Balantidiasis, kör, sigmoid ve rektumun baskın bir lezyonu ile akut veya kronik olarak akan ülseratif pürülan-nekrotizan kolit ile kendini gösterir. Ülserler, esas olarak bağırsak duvarının bükülme yerlerinde lokalizedir. Balantidiyazisin tehlikeli komplikasyonlarından biri, peritonit başlangıcı ile ülser tabanının delinmesidir.

Balantidiazisin neden olduğu kolit ile bağırsak duvarı ödemli, gevşek, hiperemiktir. Mukoza zarında çeşitli boyut ve konfigürasyonlarda ülserler bulunur (Şekil 2), birkaç santimetre karelik geniş ülseratif alanlar. Ülserlerin kenarları düzensiz, zayıf, kalınlaşmış, mukoza zarının kıvrımlarının uzunluğu boyunca yer alıyor; ülserlerin dibinde, mukoza zarının ayrı bölümleri gibi, arduvaz-siyah bir renge sahip olan gevşek veya yarı sıvı nekrotik kütlelerin kalıntıları vardır.

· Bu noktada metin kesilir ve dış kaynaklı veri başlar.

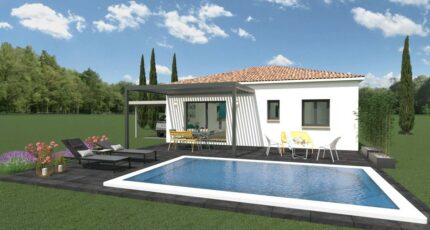 Pignans Terrain à bâtir - 2143221-10295annonce320250106uyy3r.jpeg Maisons France Confort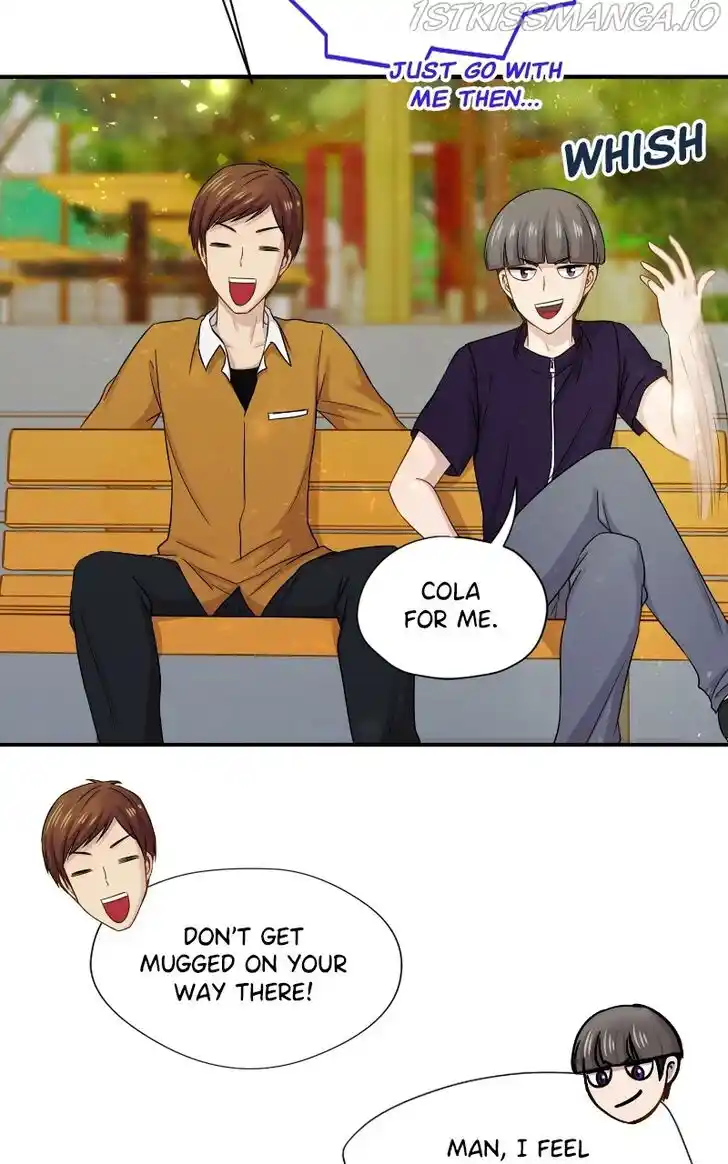 Pyeong Beonhan ge Joa! Vol.02 Ch.067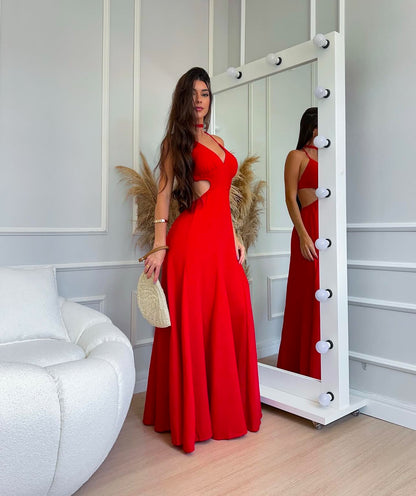 VESTIDO ALINA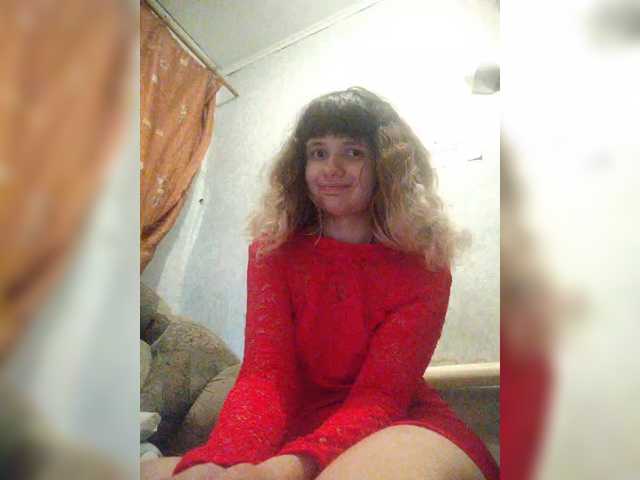 GrettaCandy live cam on BongaCams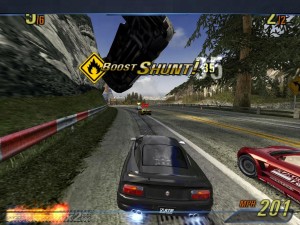 Burnout 3 Takedown 17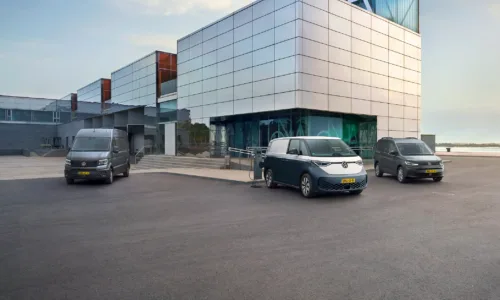 Onze 3 populairste bedrijfswagens (en waarom dat logisch is)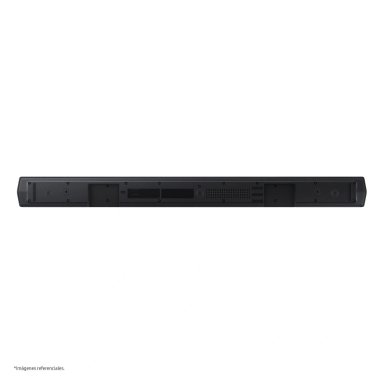 SOUNDBAR SAMSUNG SERIE B HW-B450F/PE 2.1 - 4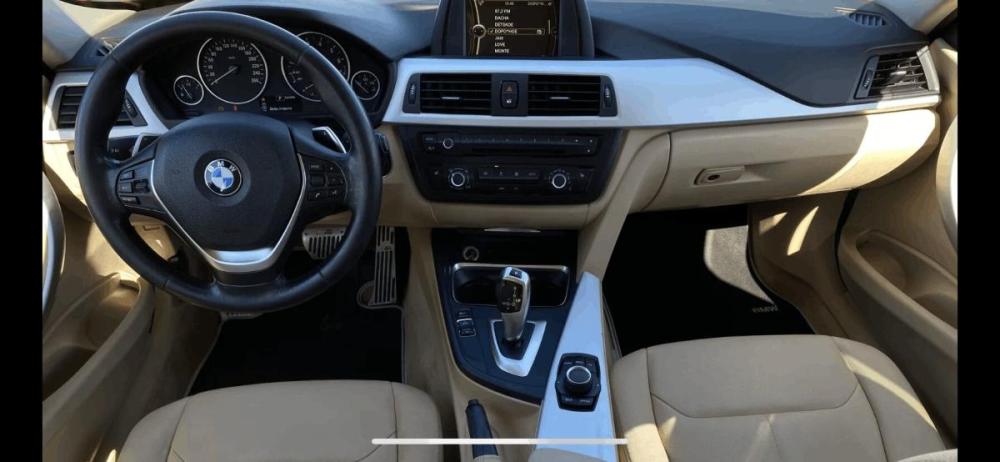 BMW 3 серии VI (F3x) Тверь  - изображение 9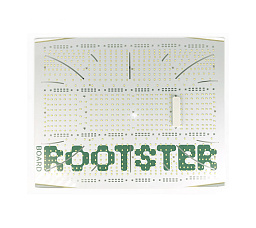 Big Cock Design Rootster Board Lite 225 Светильник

Bakteriyel bir enfeksiyonun eklenmesiyle süreç bağırsakta kangrenle sonuçlanabilir. Ülser ve erozyonların kenarlarına bastırırken, pürülan akıntı serbest bırakılır.

Balantidiyazis ile, ek bazen akut apandisit klinik tablosundan ve iltihaplı duvarında balantidia varlığından etkilenir. Hastalığın başlangıcında, erozyon ve ülserlerin meydana geldiği bağırsak mukozasında hiperemi ve ödem alanları görülür. Bağırsak (Lieberkunov) bezlerinin epiteli çoğalmaya ve nekrotize olmaya başlar. Çevre dokularda, doku gibi nekrotize olan, erozyonlar oluşturan, iyileşebilen veya ilerleyebilen ve ülser oluşumuna yol açabilen bir lenfositik infiltrat ortaya çıkar. Siliatların submukozaya nüfuz etmesiyle dokularda inflamatuar ödem, kanamalar ve lenfositlerden, histiyositlerden ve segmentli lökositlerden infiltrasyon meydana gelir, yer yer küçük birleşme apseleri oluşur. Balantidiyazdaki ülserler aynı anda gelişmez: akut ülserlerle birlikte iyileşmiş ülser bölgesinde yara ve yara izleri vardır.

patogenez

İnsan vücuduna ağız yoluyla nüfuz eden balantidia, kalın bağırsakta lokalizedir - esas olarak çekum, daha az sıklıkla ince bağırsağın alt kısmında. Bağırsak lümeninde çoğalarak, bazı yazarların taşıyıcı olarak gördüğü hastalığın açıkça belirgin semptomlarına neden olmayabilirler. Bununla birlikte, çoğu durumda bu tür kişilerin kapsamlı bir incelemesi, balantidiyazın subklinik bir seyrini ortaya koymaktadır. Balantidia kolonun mukoza zarına verildiğinde, karakteristik ülserler oluşur ve hastalığın klinik semptomları gelişir. Balantidia'nın dokulara derinlemesine nüfuz etmesi, yaşamları boyunca oluşturdukları hiyalüronidaz enzimi tarafından kolaylaştırılır. Göçmen askariazisin, balantidianın bağırsak mukozasının derinliklerine girişini de desteklediği deneysel olarak tespit edilmiştir (V.V.Bogdanovich, 1962).

Klinik tablo

Balantidiyazın subklinik, akut, kronik, tekrarlayan ve sürekli akan formlarını ayırt eder; Odaklarda B. coli taşınması mümkündür.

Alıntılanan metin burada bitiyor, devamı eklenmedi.